As the winner of GTOC-8, ESA’s Advanced Concepts Team thinktank got to devise and oversee this year’s challenge: to set the most efficient strategy for multiple missions to take down a swarm of space debris threatening humankind’s safe use of space.
“Star Wars had the Kessel Run – famously made by Han Solo’s Millennium Falcon in less than 12 parsecs – so we have the Kessler Run,” comments Dario Izzo, ACT scientific coordinator.
“It’s named after the Kessler Syndrome, originated by NASA debris expert Donald Kessler. This states that as the density of space debris increases, a cascade effect will take place with collisions generating added debris leading to even greater collisions.
“But the Kessler Syndrome can be shut down if enough debris items are removed from key orbits.”

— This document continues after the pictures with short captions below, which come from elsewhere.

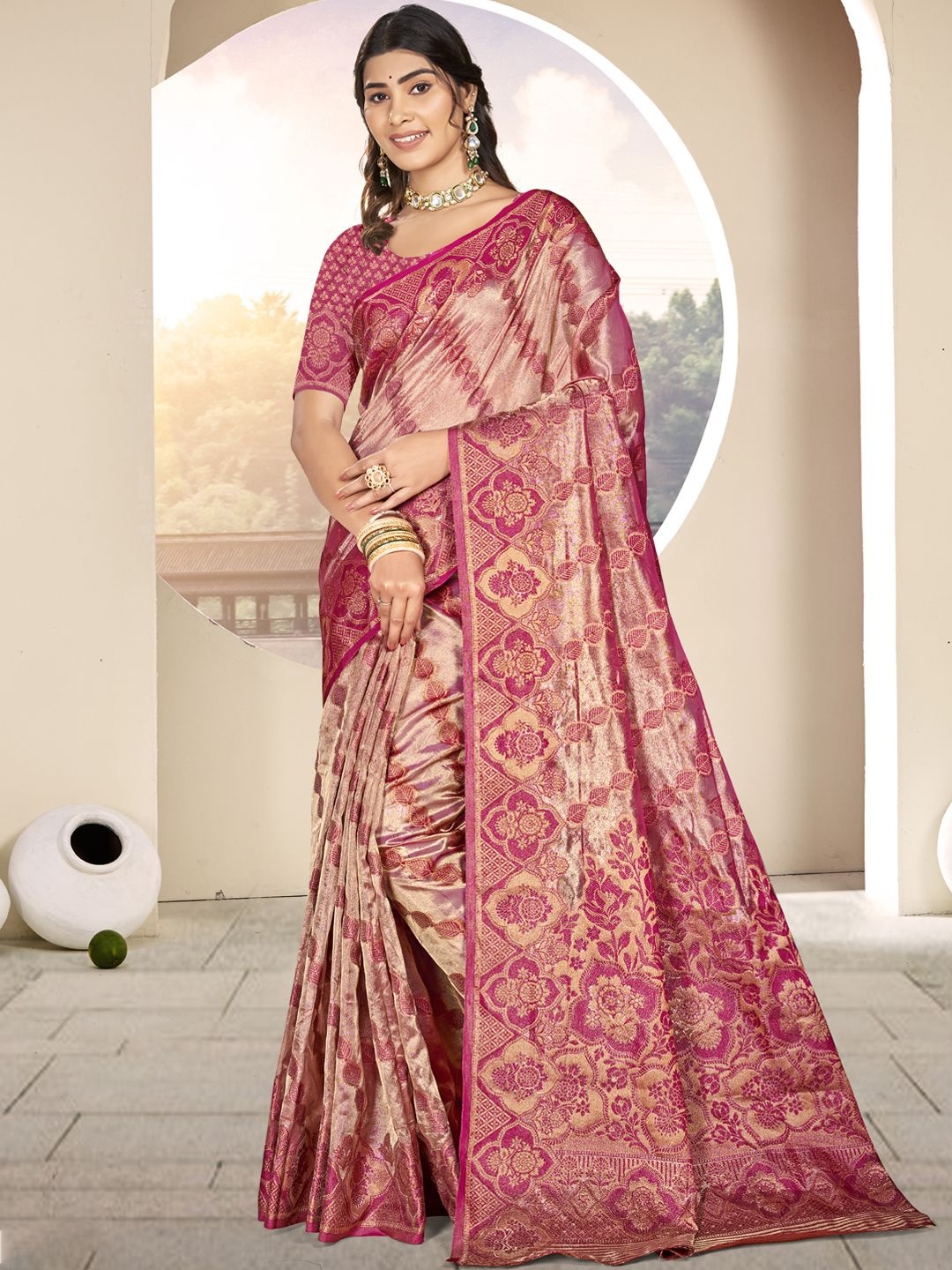 

SANGAM PRINTS Floral Zari Organza Designer Tussar Saree, Pink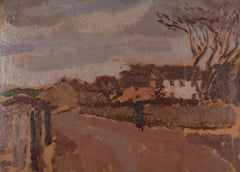 The Arch Road, Ferryside - 20th Century Rural Landscape Oil Painting with Houses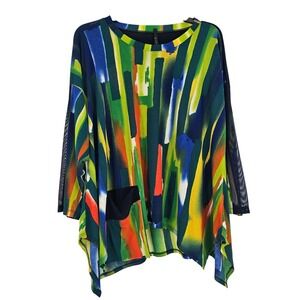IC By Connie K Abstract Brushstroke Mesh Sleeve Tunic Top L Boho Asymmetrical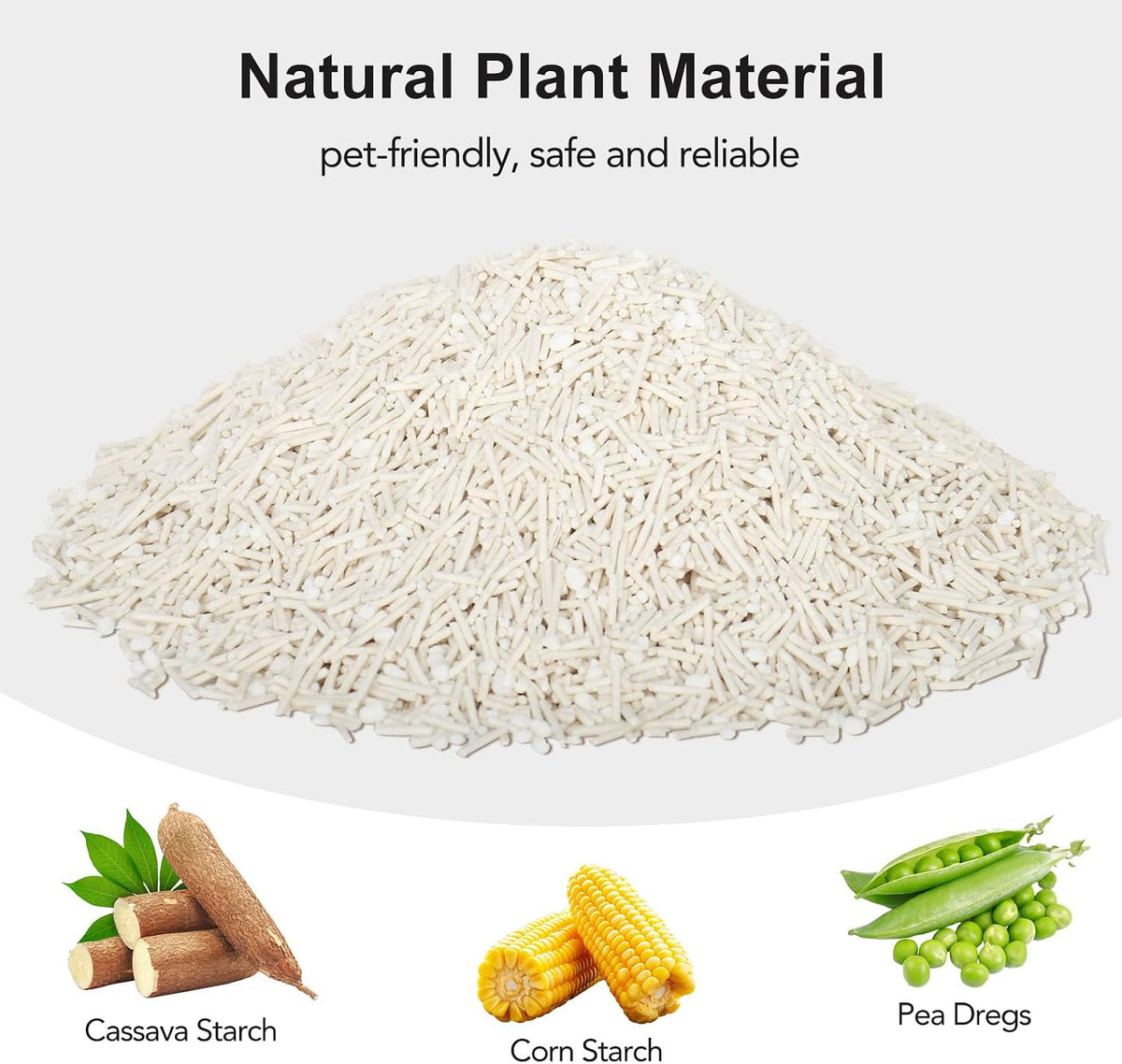Non-Stick Ultra Clumping Tapioca Tofu Cat Litter, Odor Control Low Tracking Kitty Litter Pellets, Plant-Base Natural Ingredients Cat-Litter, 9 lb X 2 Pack
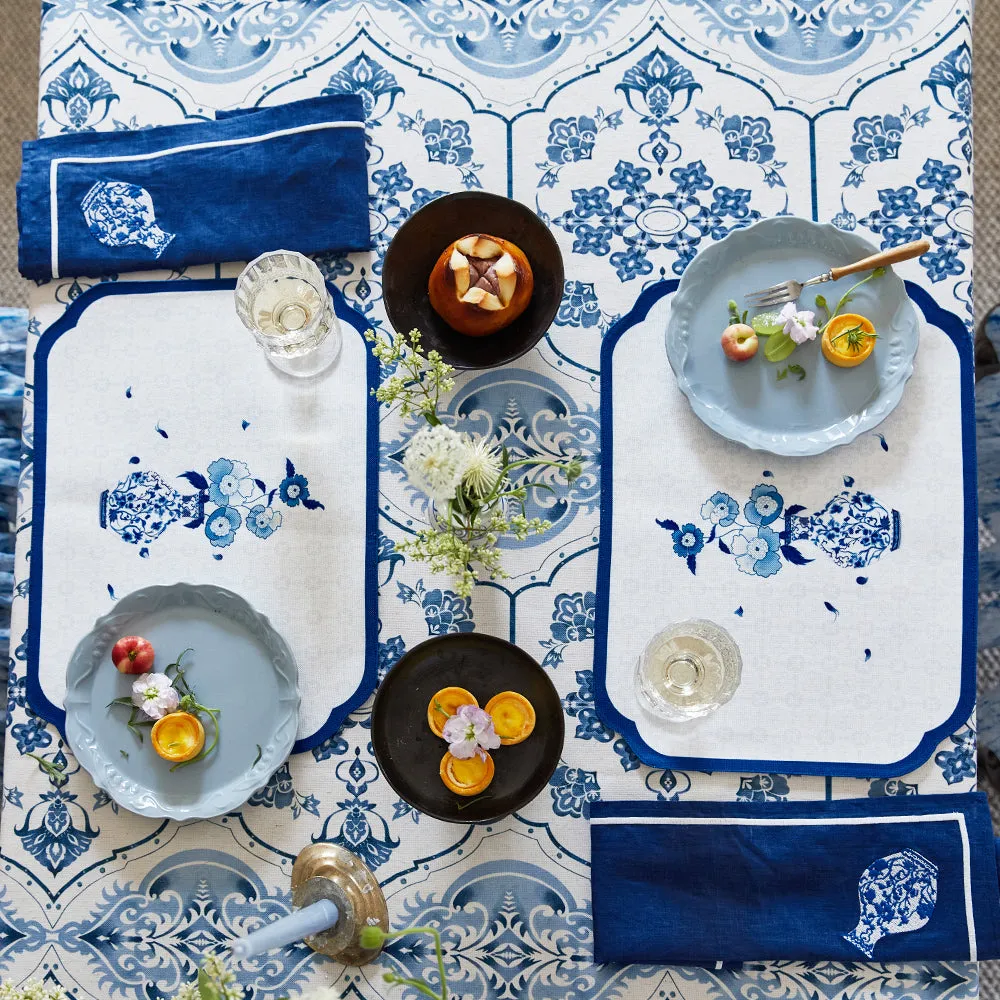Delft Blue and White Porcelain Print Linen Tablecloth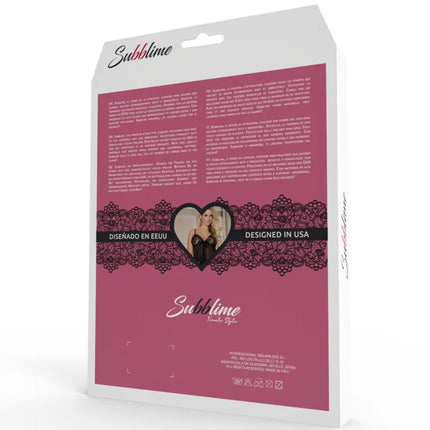 Pink und schwarze spitzenunterwäsche verpackung für subtile weibliche stil im set drei teile s m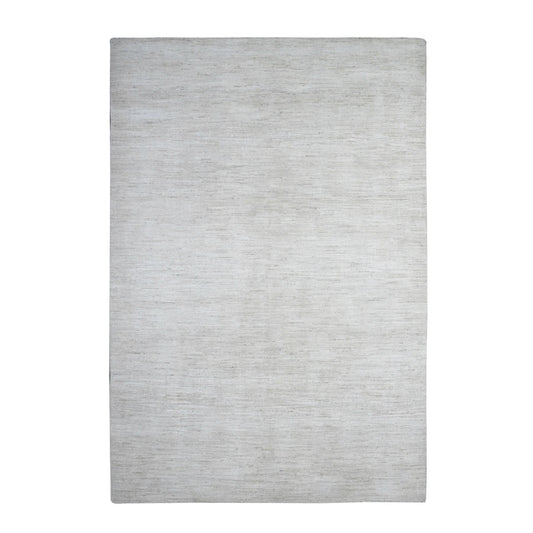 Modern and Contemporary Wool Hand Knotted Rug Ivory No Border 6.0X8.11 -O089656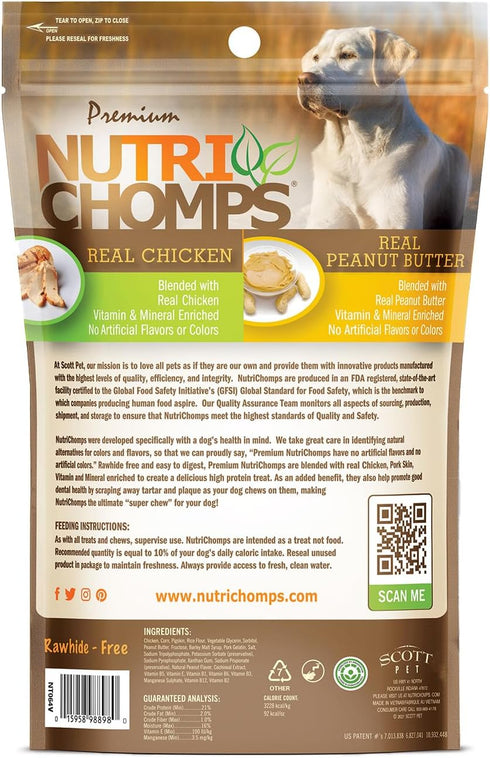 NutriChomps Dog Chews, 2.5-inch Knots, Rawhide-Free Treats, 8 Count, Real Peanut Butter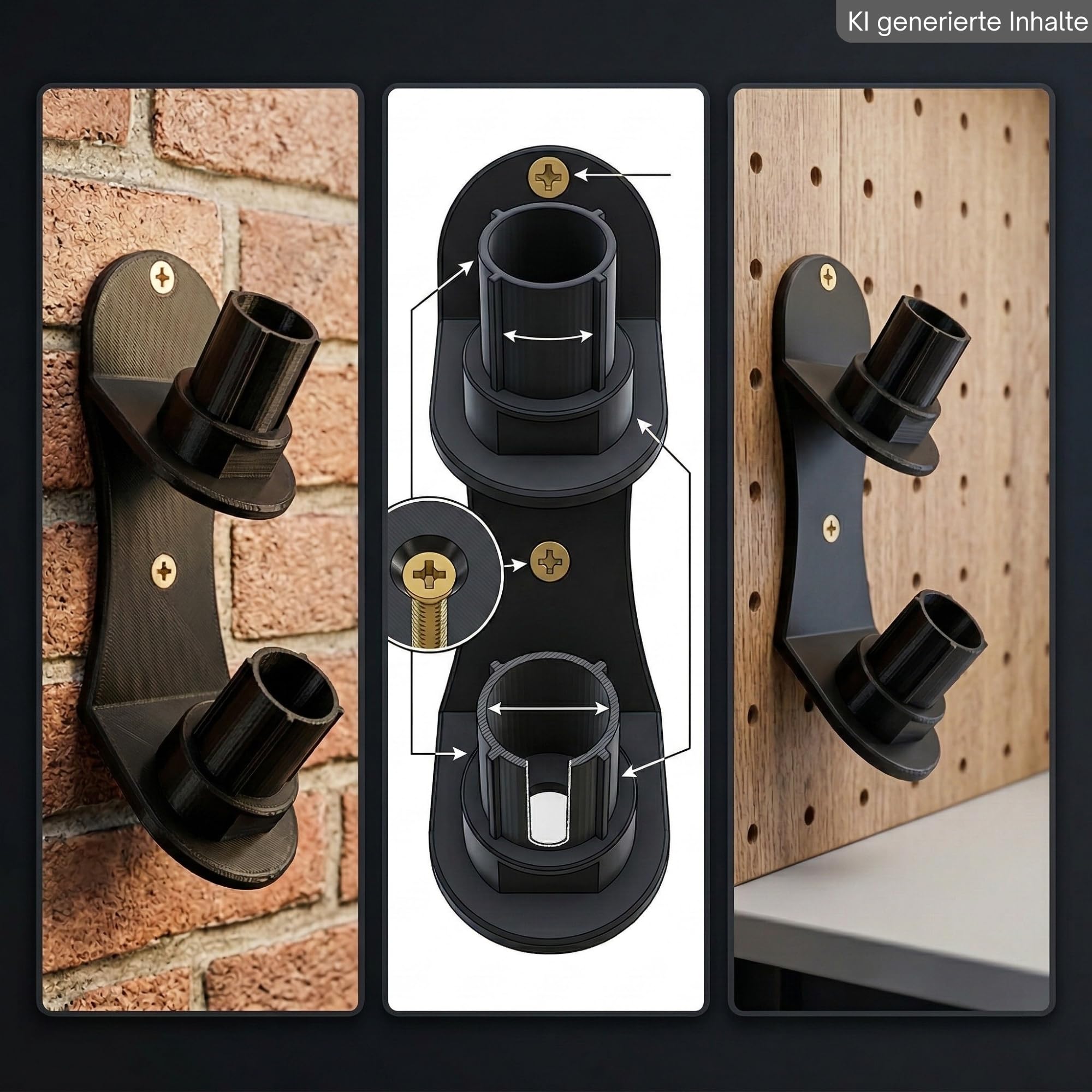 Supporto da parete adatto per Dyson V16 accessori Made in Germany – per ugello spazzola e supporto da parete (2 ugelli)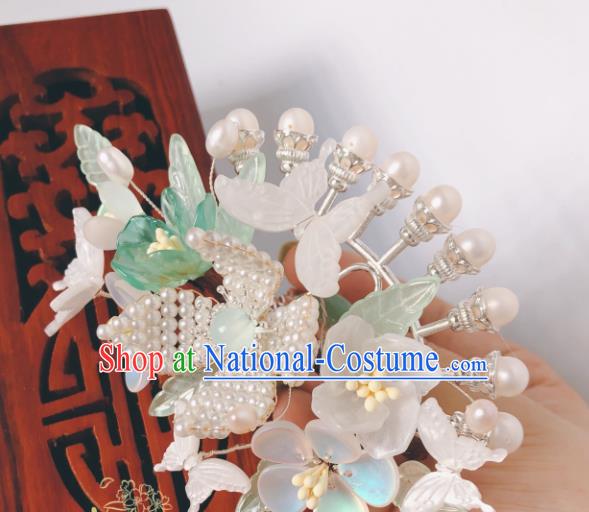 China Song Dynasty Hair Accessories Ancient Princess Pearls Flowers Hairpin Traditional Hanfu Shell Butterfly Hair Stick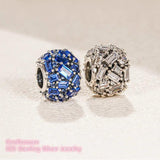 925 Silver Chiselled Elegance Charm, Clear CZ Beads for Bracelet DIY
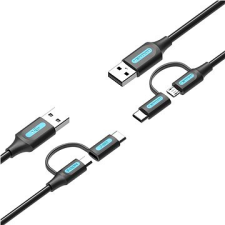 Vention USB 2.0 to 2-in-1 Micro USB & USB-C Cable 0.5M Black PVC Type kábel és adapter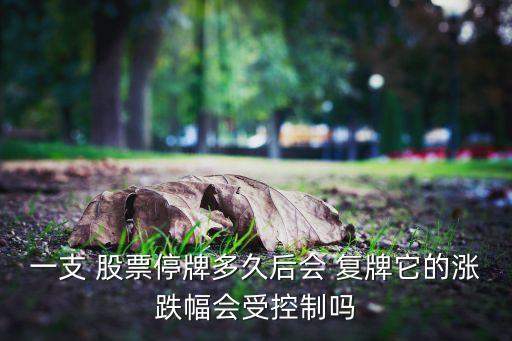 一支 股票停牌多久后會(huì) 復(fù)牌它的漲跌幅會(huì)受控制嗎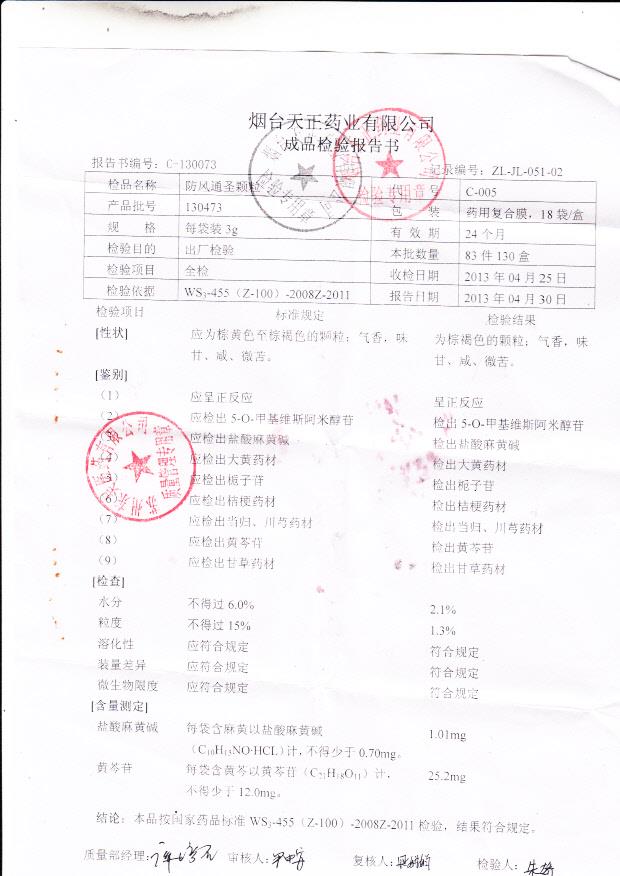 130473防风通圣颗粒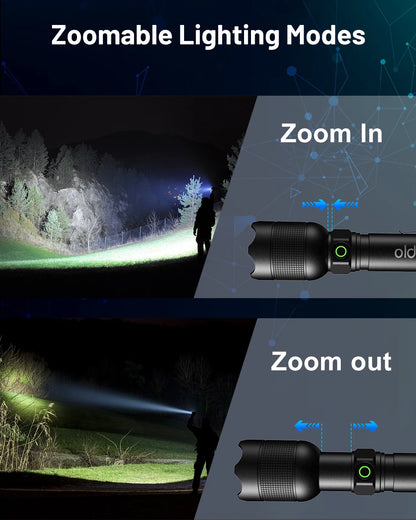 Rechargeable Flashlights with High Lumens, Mini Metal Flashlights for Outdoor,2 Pack (Black)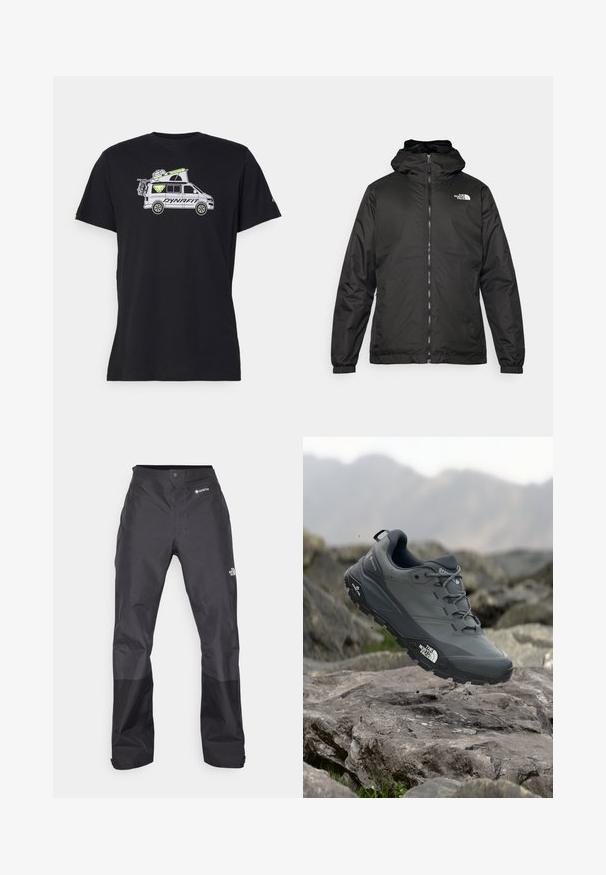 Crna jakna s kapuljačom The North Face s prednjim patentnim zatvaračem, elastičnim manžetama i logotipom na gornjem lijevom dijelu prsnog koša, na bijeloj pozadini.; Crna pamučna majica s grafikom kombija s opremom na krovu, naglašena bijelim i neonskim žutim detaljima. Kratki rukavi, okrugli izrez.; Crne vodootporne hlače s glatkom teksturom, s GORE-TEX logotipom sprijeda i ojačanim donjim dijelovima nogavica za izdržljivost.; Sive trail trkačka cipela s teksturiranim gornjim dijelom, izdržljivom gumenom potplatom i ojačanim vrhom. Ima vezice i logotip branda sa strane.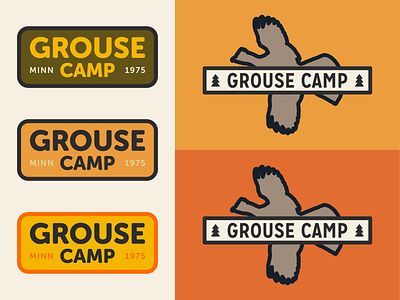 Grouse Camp cabin camp design grouse hunting illustration logo northwoods ruffed grouse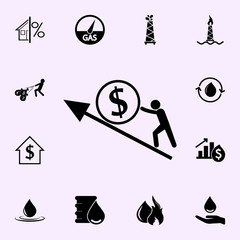 Businessman carrying a coin of money chart arrow up icon. Profit icons universal set for web and mobile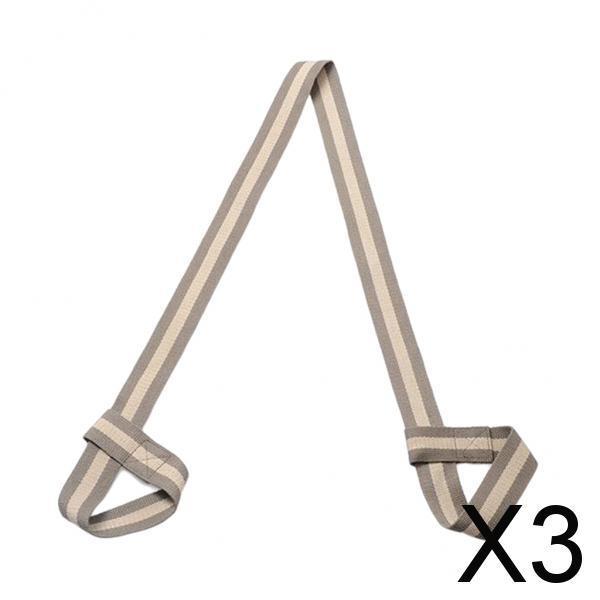 3xCotton Yoga Mat Strap Pilates Mat Carrier Fitness Stretchy Loop Khaki
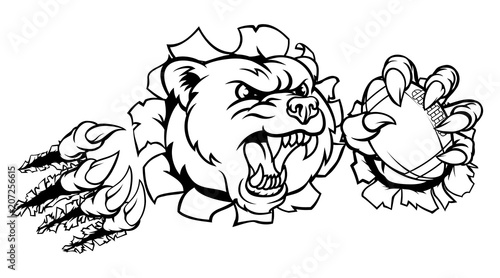 Bear American Football Ball Breaking Background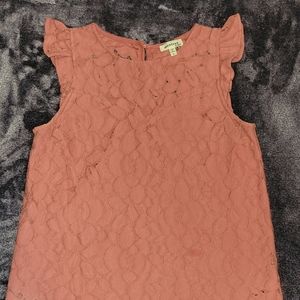 Monteau lace cotton blend top with ruffles Size L Warm Coral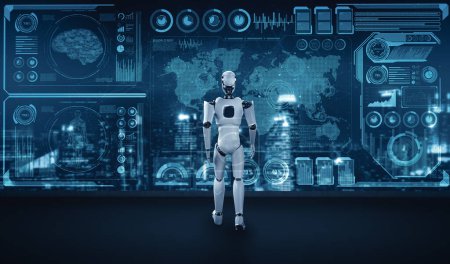 Téléchargez les photos : Robot d'illustration 3D MLB humanoïde analysant les mégadonnées à l'aide d'un processus d'intelligence artificielle et d'apprentissage automatique dans le concept de la 4e quatrième révolution industrielle. - en image libre de droit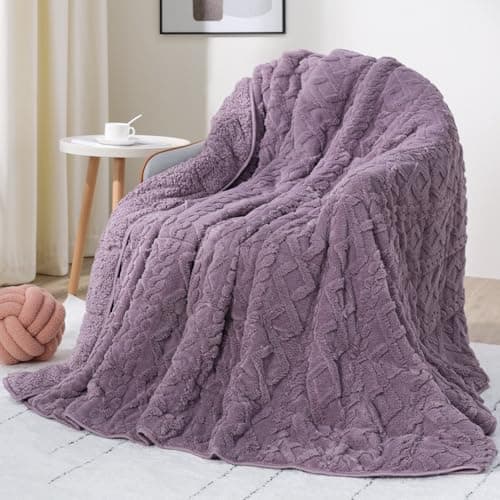 Drewin 15 lbs Weighted Blanket Queen Size, 60 x 80 inches, Dual Sided Soft Fuzzy Jacquard Sherpa Weighted Blankets for Adults, Comfortable Sofa Bed Blanket for Sleeping, Purple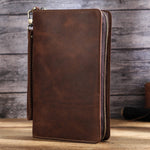 Brown Full-Grain Leather Clutch Travel Bag For Men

In the GTOC-9 scenario, the year is 2060 and the fragmentation of an Earth-observing satellite provoked the Kessler Effect, rendering the highly-trafficked Sun-synchronous low-orbit region hazardous to use. But there is hope: researchers have pinpointed a set of 123 orbiting items of debris that, if removed, would switch off the Kessler Syndrome.
The challenge is to design a series of debris-removal missions to remove all these pieces, while minimising the cost of the overall effort. To add to the difficulty, each mission’s cost will depend on how early they are submitted to the contest (no matter their actual launch time), as well as the satellite mass.
Each mission works by deploying a deorbit package to the vicinity of a debris target. Teams can make a choice between larger – and more expensive – missions carrying more deorbit packages and the fuel needed to travel between target debris or else smaller, cheaper missions with less fuel and fewer deorbit packages aboard.
“It’s in a team’s interest to submit a mission as soon as they think it has a chance of ending up being used, to freeze its cost and prevent it increasing,” adds Dario. “They can be undone if required.”
GTOC-9 is being run through the ACT’s Kelvins website, a portal dedicated to hosting public aerospace challenges, which will enable automatic scoring of every entry the ACT receives. As a bonus, this means any interested, group, company or individual is free to enter.
So far it has already attracted 389 researchers participating in 67 teams from 90 institutions worldwide. Follow developments on Twitter using the #GTOC9 hashtag, and check the leaderboard to monitor the contest as it happens.
In real life, ESA is also investigating active space debris removal. The world’s first active debris removal mission, called e.Deorbit, is being developed through the Agency’s Clean Space initiative. Designed to rendezvous and remove a large item of ESA-owned debris, e.Deorbit is planned for launch in 2024.